Task item
Everything from the line with "EXCLUSIVE INTERVIEW: Denzel" through the final line of the listing below must be retyped exactly, apart from the pictures.

Information provided
•••••

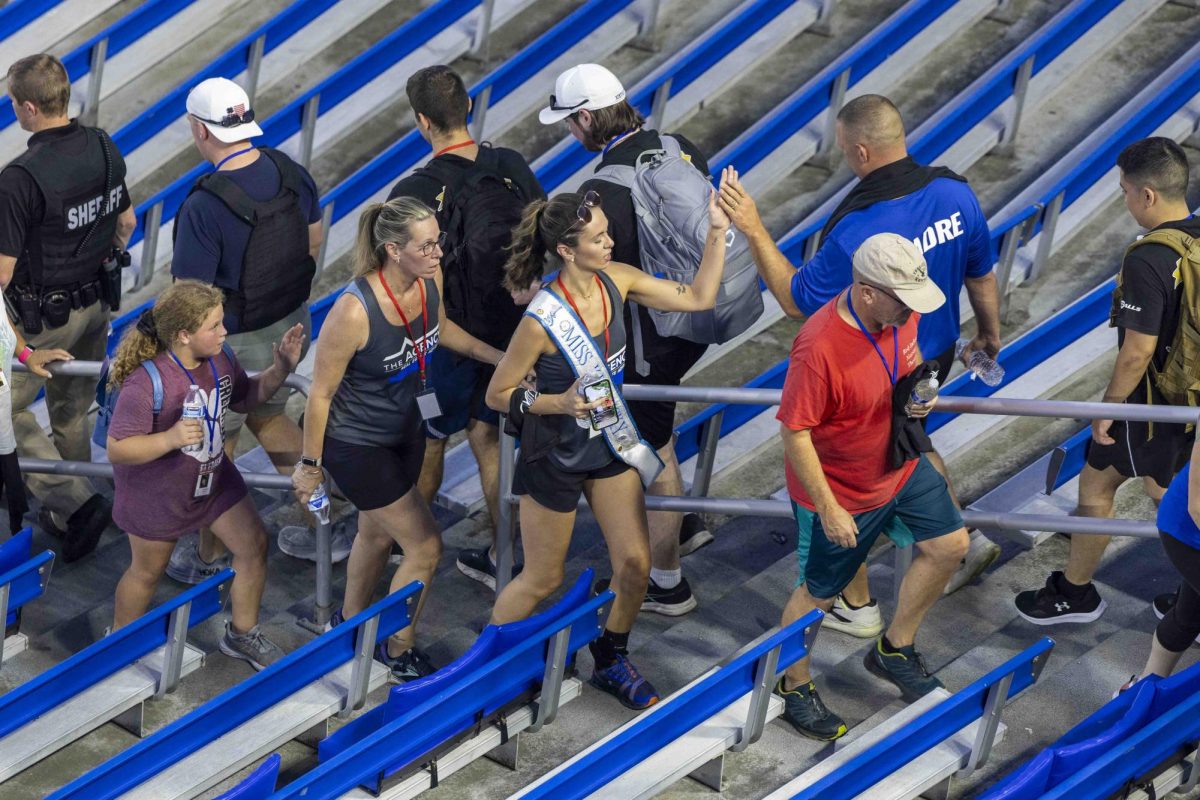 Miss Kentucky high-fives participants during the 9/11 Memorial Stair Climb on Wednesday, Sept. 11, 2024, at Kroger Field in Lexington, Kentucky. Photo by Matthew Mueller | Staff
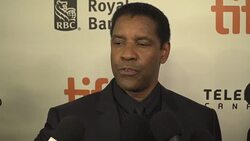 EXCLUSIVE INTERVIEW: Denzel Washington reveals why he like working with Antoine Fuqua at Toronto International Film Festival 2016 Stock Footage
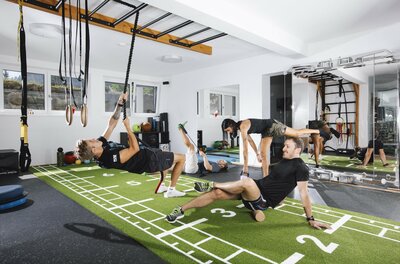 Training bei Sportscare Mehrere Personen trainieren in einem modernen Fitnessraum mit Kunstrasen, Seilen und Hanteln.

•••••

Answer space
 EXCLUSIVE INTERVIEW: Denzel Washington reveals why he like working with Antoine Fuqua at Toronto International Film Festival 2016 Stock Footage
 Training bei Sportscare Mehrere Personen trainieren in einem modernen Fitnessraum mit Kunstrasen, Seilen und Hanteln.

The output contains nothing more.